LCM of 81a^2b^2 and 27a^3b^3
// FACTOR BREAKDOWN
81 = 3 x 3 x 3 x 3
27 = 3 x 3 x 3
a^3 = a x a x a
a^2 = a x a
b^3 = b x b x b
b^2 = b x b
/* For LCM, we want to consider the most number of times any digit or variable appears in the factorization. Comparing 81 and 27, we see that the number three shows up four times in the factorization, so the LCM of these two numbers is 81. Alternatively, you can see that 27 can go into 81 three times.
For variables, it's the same concept. We have three a's appear so that is our most number of times we see a.
Same logic for the variable b. */
//FINAL ANSWER
81a^3b^3
Ok thank you so much for your time! I got a bit confused on the multiplying of LCM but now I understand.
To find the least common multiple (LCM) of the given expressions, we need to first factorize the expressions completely.
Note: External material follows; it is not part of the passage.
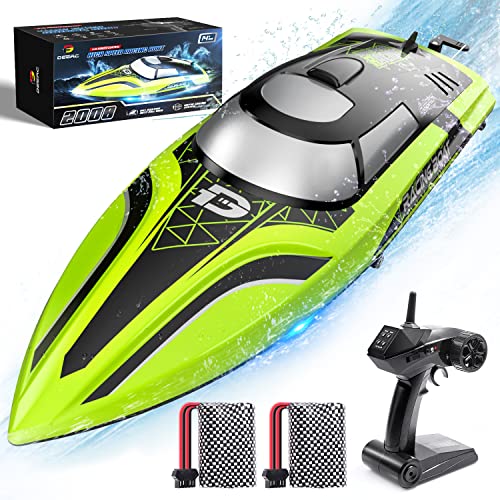 DEERC RC Boot mit LED-Licht, ferngesteuertes, für Pools und Seen, 20+ km/h, 2,4-GHz-Rennboote mit 2 Batterien, Poolspielzeug für Kinder, ferngesteuertes Wasserfahrzeug von DEERC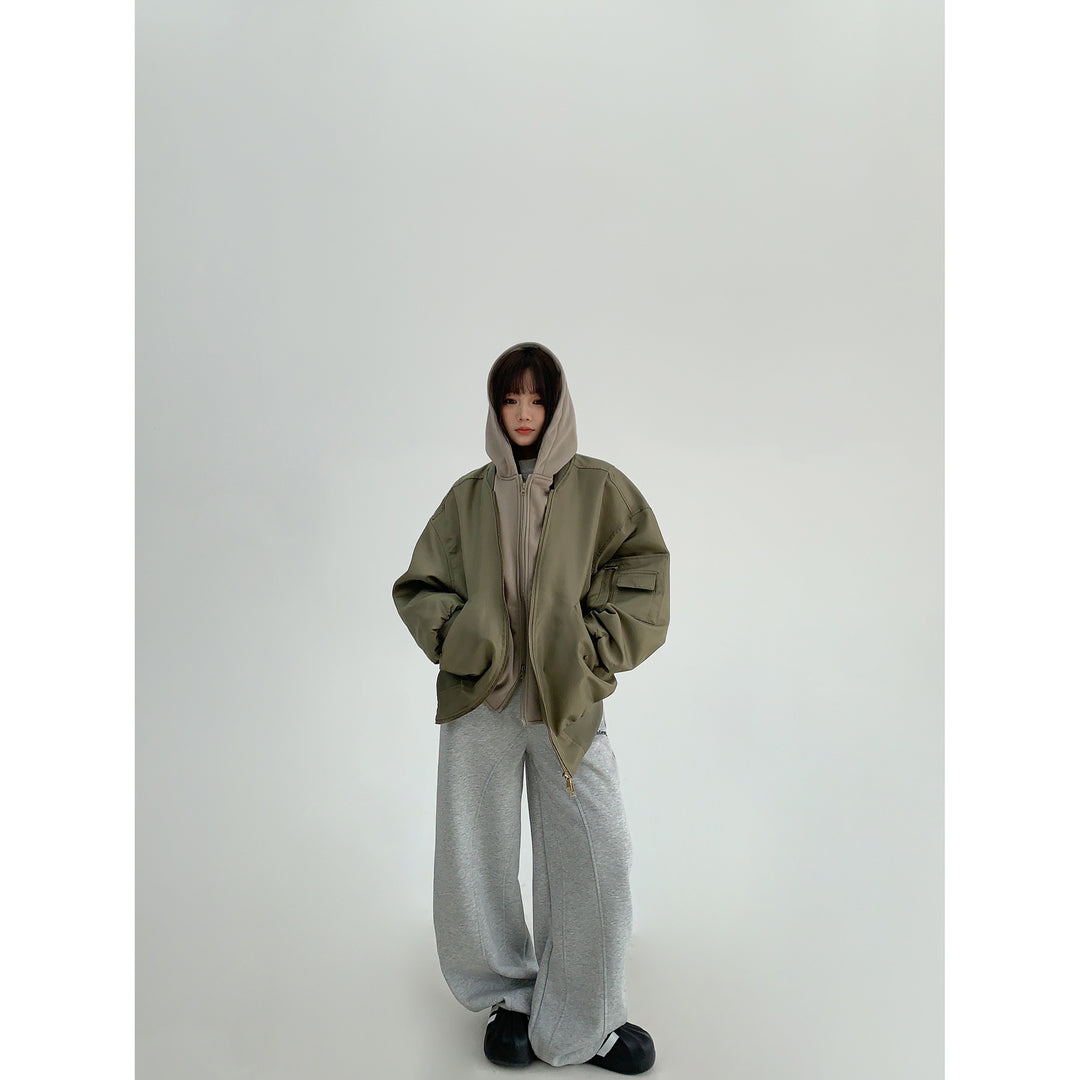 Two-Piece Hooded Bomber Jacket Set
Let's start with the first expression: 81a^2b^2.
Factorizing 81, we get: 81 = 3^4.
Next, let's factorize a^2: a^2 = a * a.
And finally, let's factorize b^2: b^2 = b * b.
Putting it all together, we have: 81a^2b^2 = (3^4)(a * a)(b * b).
Now, let's move on to the second expression: 27a^3b^3.
Factorizing 27, we get: 27 = 3^3.
Next, let's factorize a^3: a^3 = a * a * a.
And finally, let's factorize b^3: b^3 = b * b * b.
Putting it all together, we have: 27a^3b^3 = (3^3)(a * a * a)(b * b * b).
Now, to find the LCM, we need to take the highest power of each factor that appears in both expressions.
In this case, we have the factor 3 appearing with a power of 4 in the first expression and a power of 3 in the second expression. So, we take the highest power, which is 4.
The factor a appears with a power of 2 in the first expression and a power of 3 in the second expression. So, we take the highest power, which is 3.
The factor b appears with a power of 2 in the first expression and a power of 3 in the second expression. So, we take the highest power, which is 3.
Putting it all together, the LCM of 81a^2b^2 and 27a^3b^3 is: (3^4)(a^3)(b^3) = 81a^3b^3.